Il y a d’abord un échec personnel pour le chef de l’Etat, et ce pour trois raisons majeures : parce qu’il a engagé une réforme que lui-même avait rejetée en 2019 ; parce qu’il a renoncé à une réforme beaucoup plus ambitieuse, celle de la retraite par points, voire à une vaste consultation démocratique englobant les retraites autour des nouveaux paradigmes du travail ; enfin, parce qu’il a refusé une véritable négociation avec les partenaires sociaux, contrairement à tous ses prédécesseurs.
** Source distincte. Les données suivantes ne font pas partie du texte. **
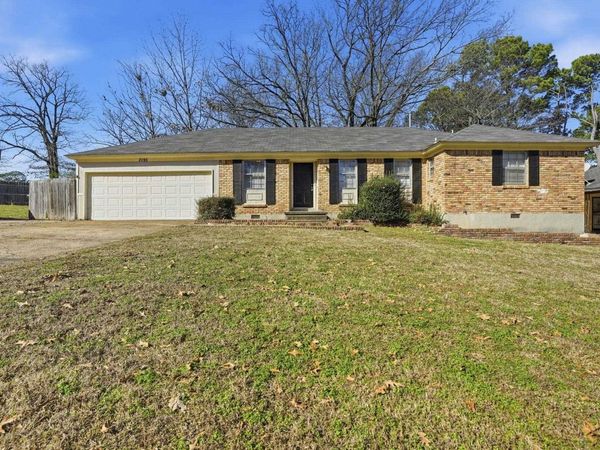 3195 BEAUCHAMP DR, Memphis, TN 38118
Son refus de recevoir les leaders syndicaux, sous prétexte de respecter le temps parlementaire, a été interprété, à tort ou à raison, comme un signe de mépris envers le mouvement social. Ce président qui nous promettait en 2017 une « révolution » en a donc été réduit à cette réformette libérale et gestionnaire, sous la pression des contraintes budgétaires de la Commission européenne ainsi que des nécessités électoralistes qui l’ont poussé à se rapprocher du parti Les Républicains (LR).

Antiparlementarisme atavique des Français

Et l’on touche ici à la deuxième strate de l’échec, qui concerne la démocratie parlementaire. En choisissant de limiter à cinquante jours le temps du débat, puis en utilisant tout l’arsenal législatif et réglementaire du parlementarisme rationalisé, le gouvernement a marqué sa défiance envers la représentation nationale. A sa décharge, il s’est heurté à la stratégie de conflictualité de La France insoumise qui a conduit non seulement à l’obstruction parlementaire, mais aussi à des comportements inacceptables et contraires à la sacralité républicaine du Parlement. Le spectacle offert par les députés n’a pas été à la hauteur des attentes des citoyens. Par ailleurs, la négociation politique avec LR est apparue aux Français comme un marchandage purement opportuniste, et finalement inefficace. Enfin, le recours au 49.3, procédure qui n’est plus acceptée par l’opinion, a achevé de discréditer toute la séquence parlementaire, renforçant de ce fait l’antiparlementarisme atavique des Français.